Sellers who help buyers make sense of conflicting information — the sense-making archetype — close 2 to 3 times more than sellers who default to giving information or telling their pitch. You can read the full breakdown in our guide on sense-making sellers. Sense-making requires knowing who is in the room, who is arguing with whom, and which internal relationships are load-bearing. That is buying group mapping.
The MEDDPICC crowd sometimes pushes back here. Templates are not the problem. A well-run MEDDPICC or MEDDIC process is a genuine asset. But a template captures what a rep already knows. It does not tell you that your CFO in Munich went to business school with the target's Chief of Staff. Relationship intelligence does. That is the difference between filling in a form and actually knowing the account.
The 4-step methodology
Here is the sequence. Each step depends on the one before it. Skip a step and the play breaks in a predictable way — I will call those failure modes out where they matter.
Step 1: Enumerate the buying group using Gartner's six buying jobs
Start with the framework, not the org chart. Gartner's 6-Buying-Jobs model is the cleanest way to force a complete enumeration:
- Problem Identification — who first said "we have a problem worth solving"?
- Solution Exploration — who is scanning the market and shortlisting vendors?
- Requirements Building — who owns the RFP, the security review, the integration spec?
- Supplier Selection — who signs, who pays, who negotiates?
- Validation — who talks to references, who runs the pilot, who benchmarks?
- Consensus Creation — who reconciles conflict inside the buying group?
For each job, you need a name. Not a title. Not a persona. A human being with a LinkedIn URL. If you cannot fill all six boxes with actual names, you do not have a buying group map — you have a partial guess.
This is where 10-11 stakeholders starts to make sense. Problem Identification is often a business leader.
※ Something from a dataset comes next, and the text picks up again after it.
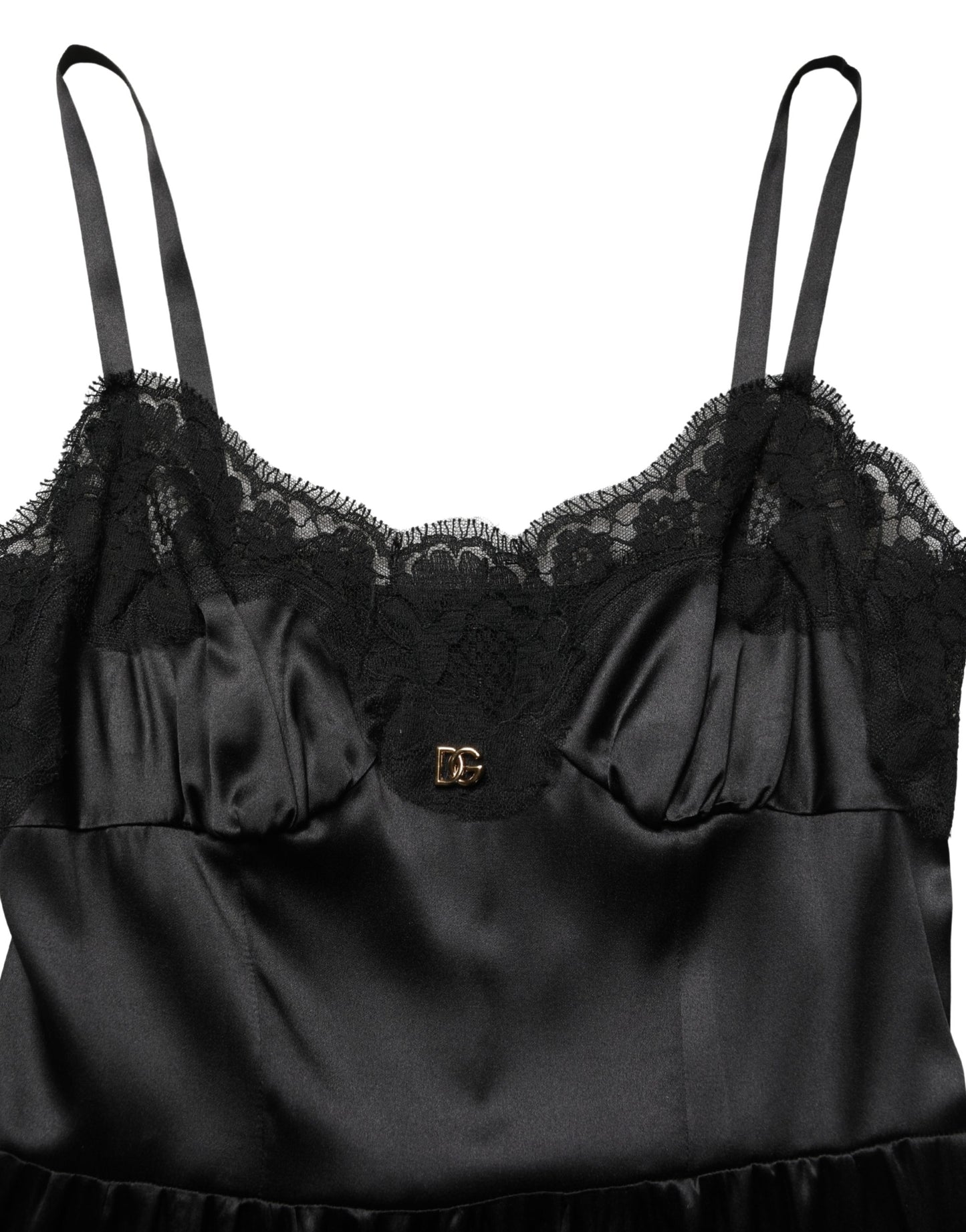 Dolce & Gabbana Black Silk Satin Lace Sleeveless Mini Dress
Solution Exploration is often a director or head of a function. Requirements Building drags in security, procurement, IT architecture, and legal. Supplier Selection pulls in an economic buyer and a signing officer, which may be two different people. Validation loops in an operations owner and sometimes an end-user champion. Consensus Creation is nearly always a Chief of Staff, a program manager, or a senior executive nobody remembered to identify until month three.
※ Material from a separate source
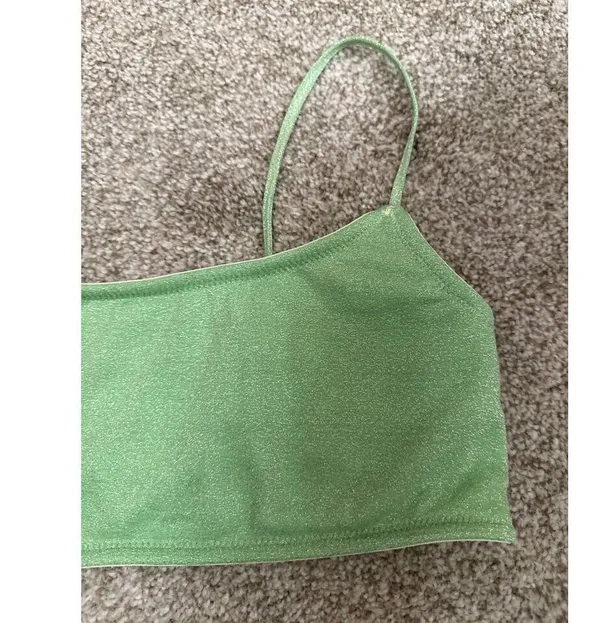 Triangl Mica Sparkle Lime Green Bikini Top, sz large - Image 2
The failure mode at this step is under-enumeration. Reps stop at four or five names because those are the ones on the calls. The five people you did not name are usually the reason the deal slips. Force the six-job enumeration on every account above a certain deal size — for us, that is anything above $50K ACV. Under that threshold the group is smaller and the enumeration collapses.
The other trap is title-matching. Do not put "the CISO" in the Requirements Building box. Put the person's name. If you cannot find one, that is a research task, not a placeholder.
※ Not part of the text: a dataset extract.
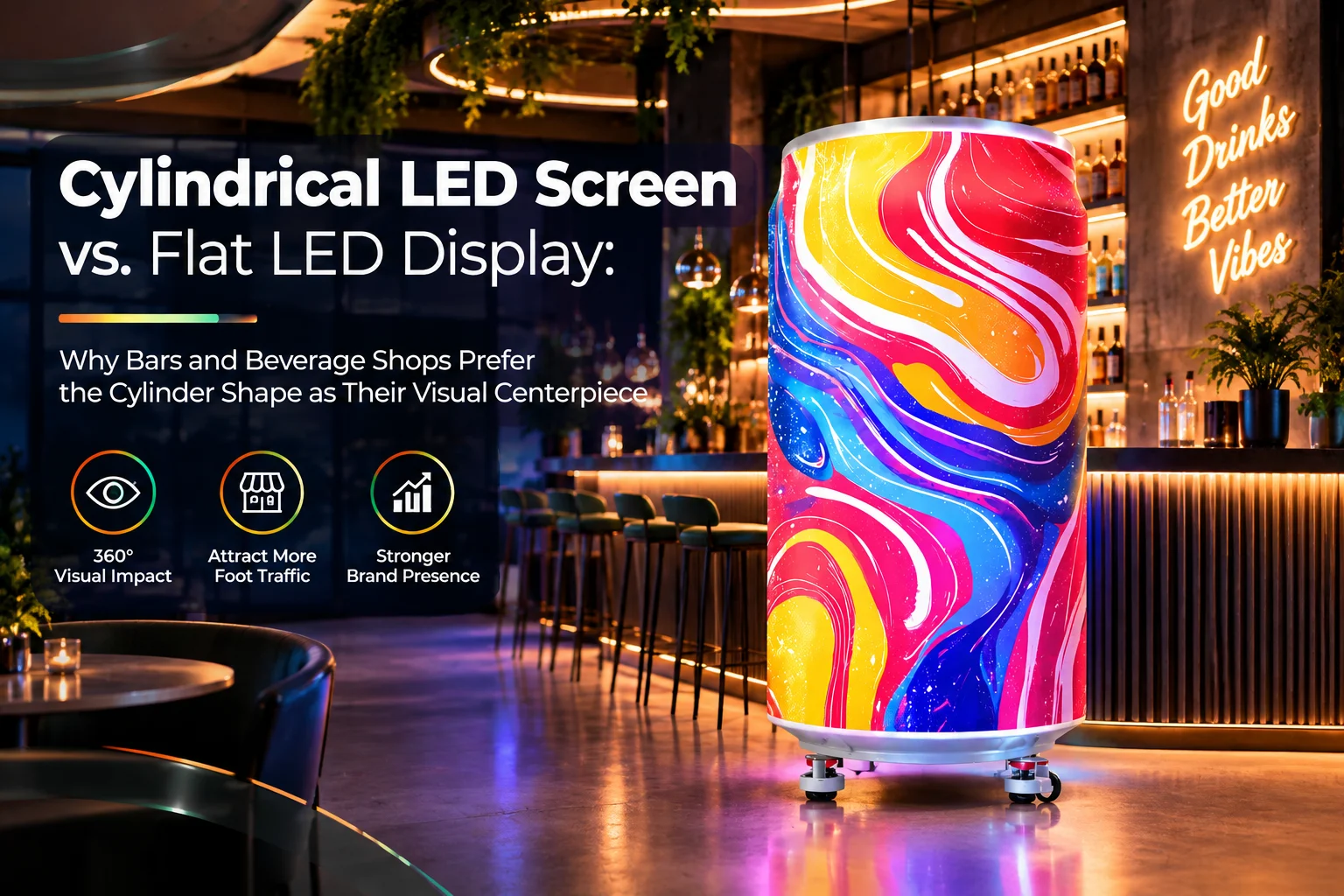 Cylindrical LED Screens vs Flat LED Displays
Step 2: Score relationship strength for each buyer
This is where CRMs stop being useful and relationship intelligence starts. A CRM will tell you that a contact record exists. It will not tell you that your sales engineer worked with that buyer at their last company, that they overlapped at a conference in Q2, or that your CEO has been trading messages with them for three months.
Score each of the 10-11 named stakeholders across three dimensions:
- Strength. How many interactions, how long the working history, how deep the tie. A three-year colleague is stronger than a one-conference acquaintance.
- Recency. A strong tie that has been silent for four years is weaker than a medium tie that had a coffee last month. Warmth decays.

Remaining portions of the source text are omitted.